Top of the Big Data Stack: The Importance of the Software Stack! - Page 4
Instead of a database running on a single server or a small cluster of servers, you now have NoSQL databases running across distributed systems that can run into the hundreds of nodes. Moreover, you also have Big Data systems that are growing by adding more nodes with storage or by adding more storage to existing nodes. Plus, some day, you will have databases running across data centers that are not even in the same continent.
All of the systems need to have the most current and the correct set of device drivers to function properly but the underlying hardware within the system may be different even if it is from the same manufacturer. If you have been a system administrator, you know what happens when you add a new piece of hardware to the system - things immediately break. So how do you manage, monitor, and administer these possibly heterogeneous systems?
The HPC community has been working on this problem for several decades now. There are some robust tool sets that allow systems to be remotely deployed, managed, and monitored. There is no secret "admin voodoo" that you need to make this all happen. You do need good management and organizational skills with an eye for attention to detail. You may have 16 nodes from the same vendor but 15 of them have identical network cards and the 16th node has a slightly different version. You have to catalog and document this difference and make sure the tools you’re using can use this card correctly.
While I didn't really talk about the details of device drivers (these discussions happen in dark mysterious places), the impact of device drivers on a Big Data system as a whole can be large. I don't believe the Big Data world has really thought this problem and are writing their own new set of tools for deploying, managing, and monitoring multiple systems that support a single application. My advice is to talk to the HPC folks and ask them how they do it. I think you will be surprised at what that have been able to accomplish.
Big Data is all about taking data, creating information from it, and turning that information into knowledge. Big Data applications take data from various sources and run user applications in the hope of producing this information (knowledge usually comes later).

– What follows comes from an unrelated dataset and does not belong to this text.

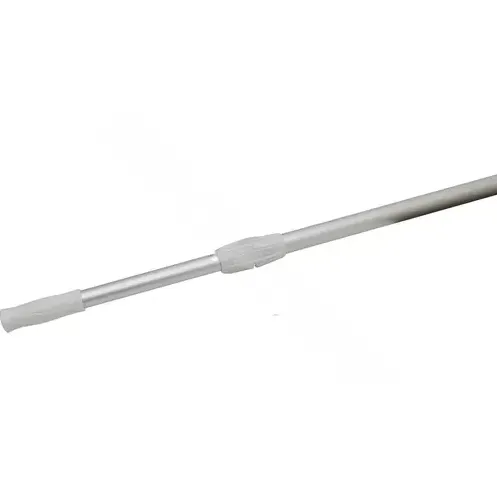 Pool Style Deluxe 8′-16′ Outer Lock Telepole, Silver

But, as the term implies, Big Data can involve a great deal of data. Consequently, Big Data developers need to start thinking about how they will scale their applications as the amount of data grows. Consequently, you have to consider parallelism in the Big Data stack.
While many people are focused on the application aspect of Big Data, the underpinnings such as the programming languages, data access techniques, the OS, and management tools can all have a profound impact on the overall performance. As the title says, "no one expects the software stack".